The reply must consist of the lines from the first line of the records through the line containing "婚纱照森系衣服怎么选择,萍姐拍婚纱照", copied exactly, with every picture omitted.

Segment Start: LISTED ENTRIES

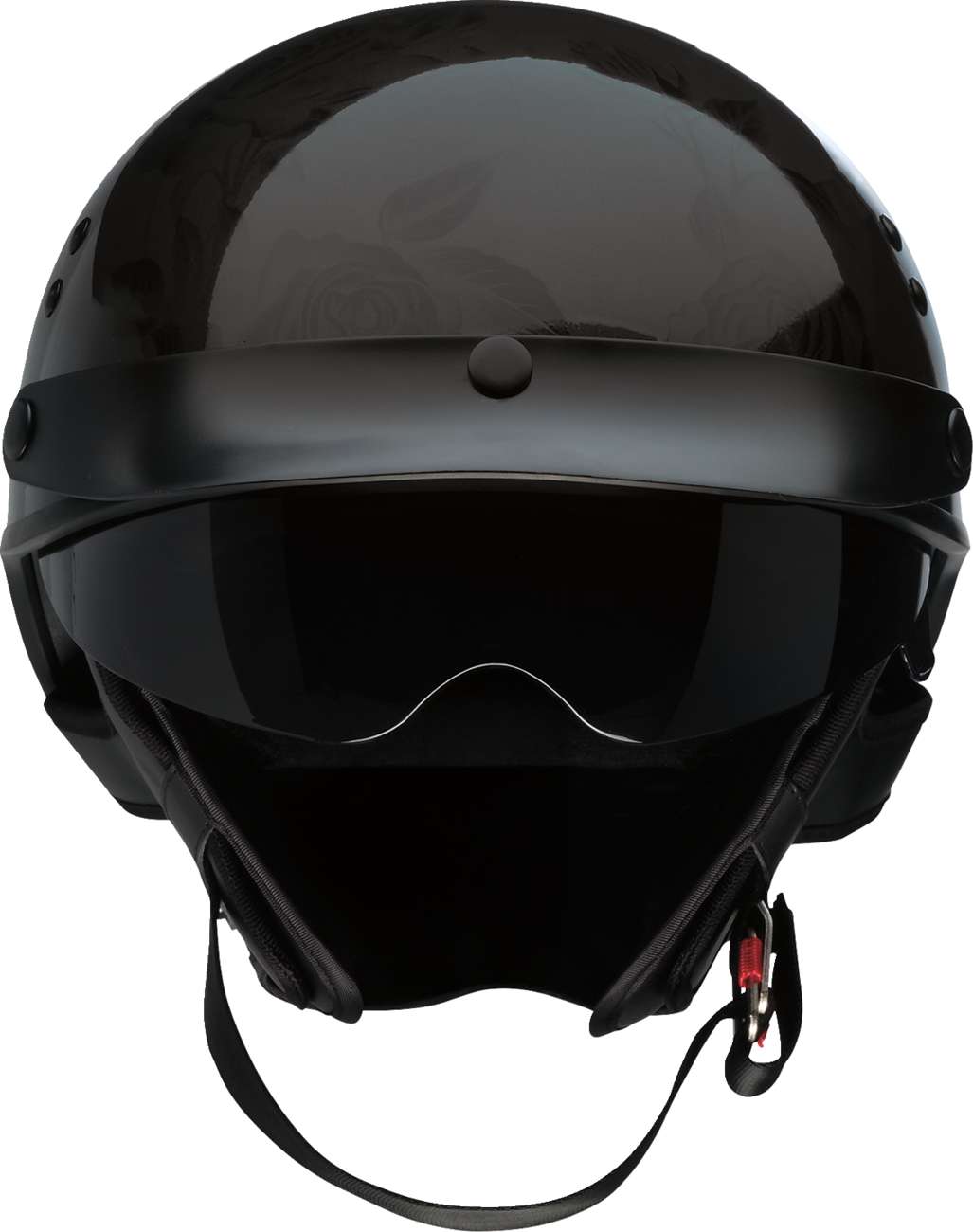 Z1R Vagrant NC Rose Half Helmet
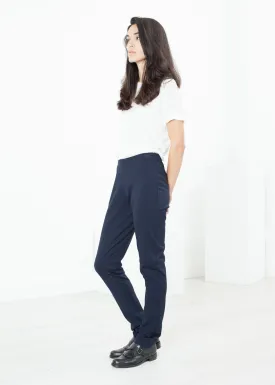 Easy Slim Pant in Navy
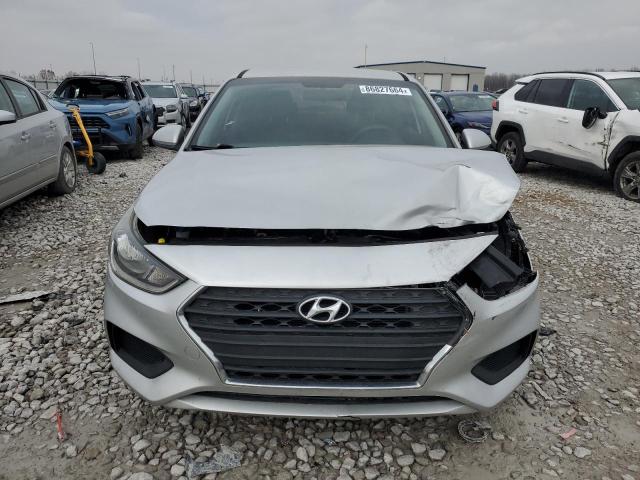  HYUNDAI ACCENT 2018 Серебристый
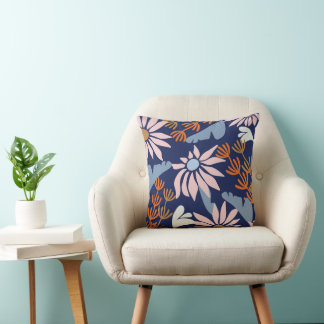 Coussin Harmonie Florale Vibrante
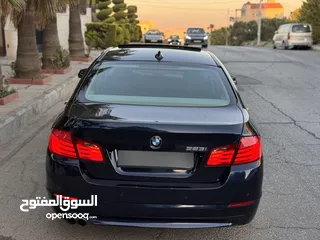  12 BMW 525i وارد الوكالة ابو خضر ممشى قليل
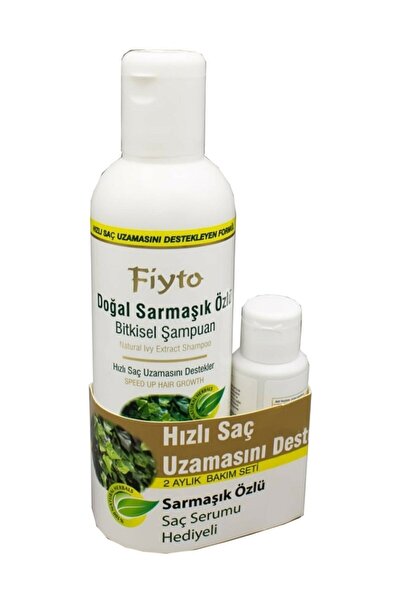 Fiyto Doğal Sarmaşık Özlü Bitkisel Şampuan+sarmaşık Özlü Saç Serumu 8697400690805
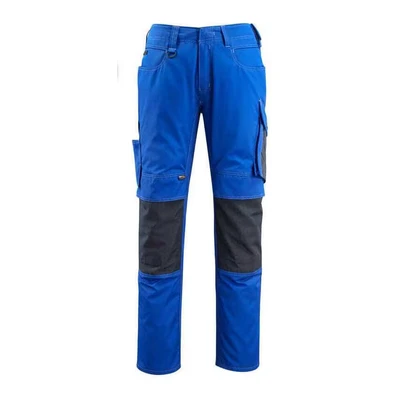 Image of Mascot 12679442 11010 82C50 Size L82cm/C50 &quot;Mannheim&quot; Trousers Cornflower Blue/Black/Blue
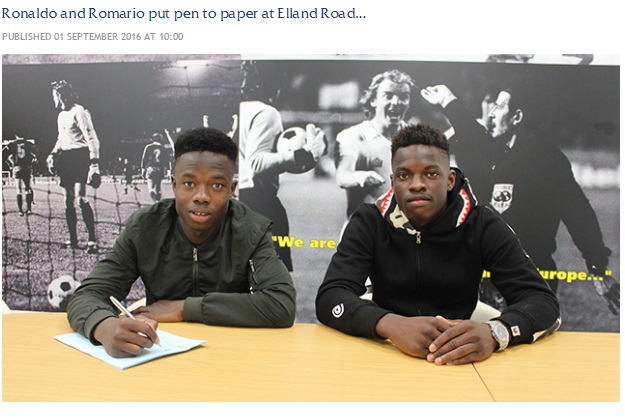 Leeds doveo Ronalda i Romarija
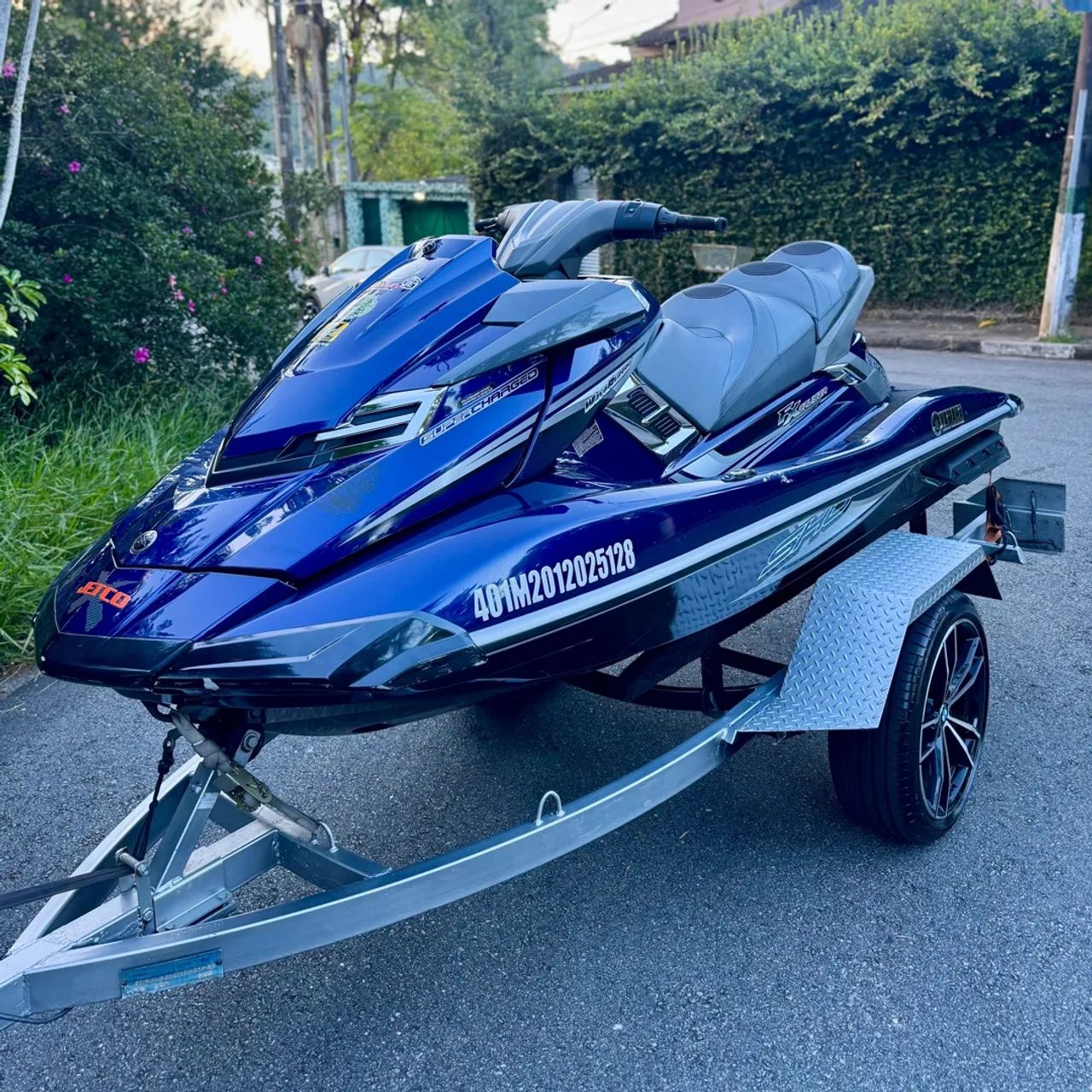 JET SKI YAMAHA FX CRUISER SHO - Foto 10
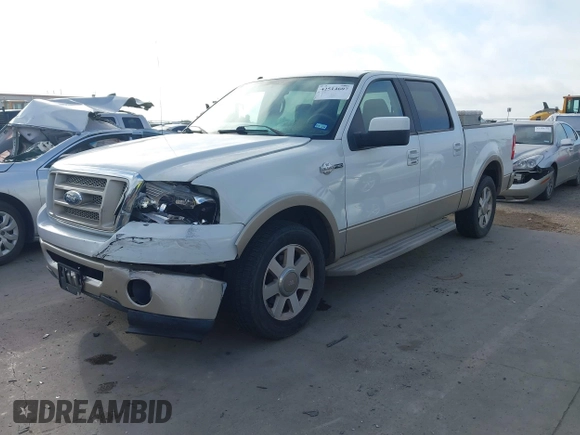2008 Ford F-150 XLT z VIN 1FTPW12V68KE24441, wystawiony jako IAAI lot #42514607 z przebiegiem 144 484 mil mil oraz . Historia ofert i sprzedaży dostępna na DreamBid. Obrazek 17.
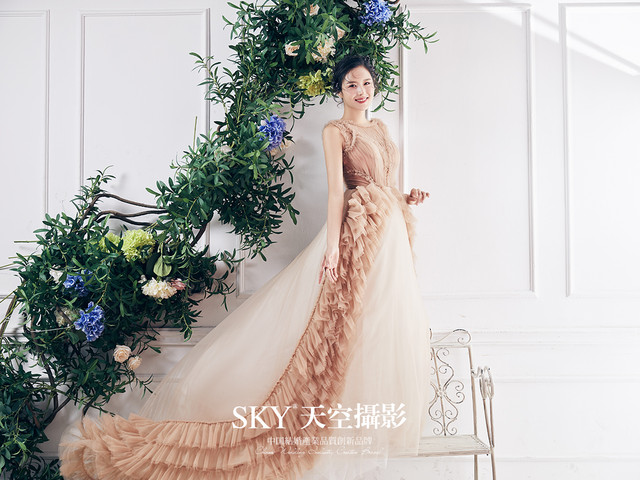 婚纱照森系衣服怎么选择,萍姐拍婚纱照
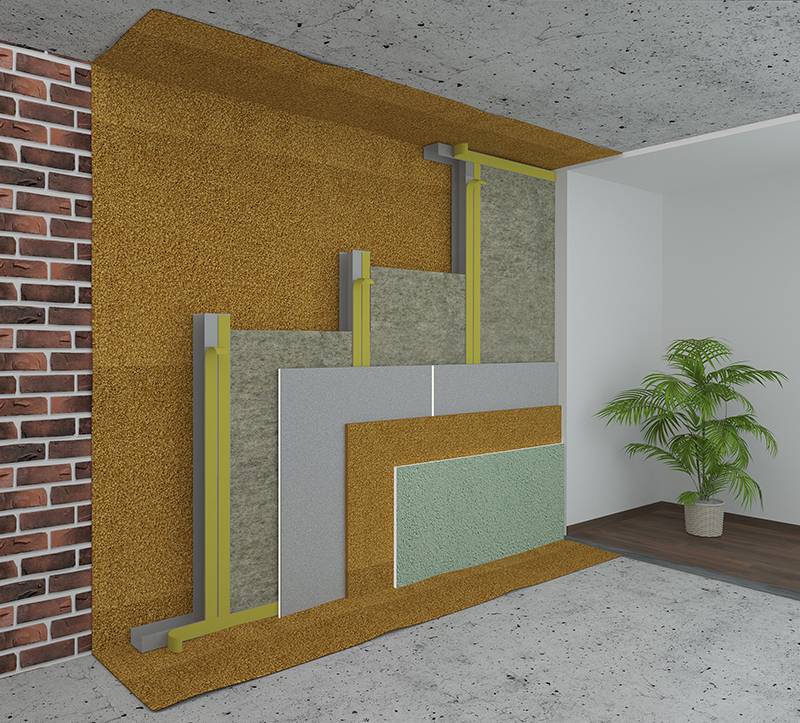 Шумоизоляция стен в квартиире: современные материалы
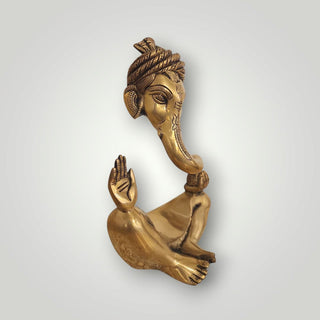 Mordern Ganesh brass Idol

Segment End: LISTED ENTRIES

**OUTPUT BELOW**
 Z1R Vagrant NC Rose Half Helmet
 Easy Slim Pant in Navy
  HYUNDAI ACCENT 2018 Серебристый
 Coussin Harmonie Florale Vibrante
  12 BMW 525i وارد الوكالة ابو خضر ممشى قليل
 Fiyto Doğal Sarmaşık Özlü Bitkisel Şampuan+sarmaşık Özlü Saç Serumu 8697400690805
 Image of Mascot 12679442 11010 82C50 Size L82cm/C50 &quot;Mannheim&quot; Trousers Cornflower Blue/Black/Blue
 Leeds doveo Ronalda i Romarija
 JET SKI YAMAHA FX CRUISER SHO - Foto 10
2008 Ford F-150 XLT z VIN 1FTPW12V68KE24441, wystawiony jako IAAI lot #42514607 z przebiegiem 144 484 mil mil oraz . Historia ofert i sprzedaży dostępna na DreamBid. Obrazek 17.
 婚纱照森系衣服怎么选择,萍姐拍婚纱照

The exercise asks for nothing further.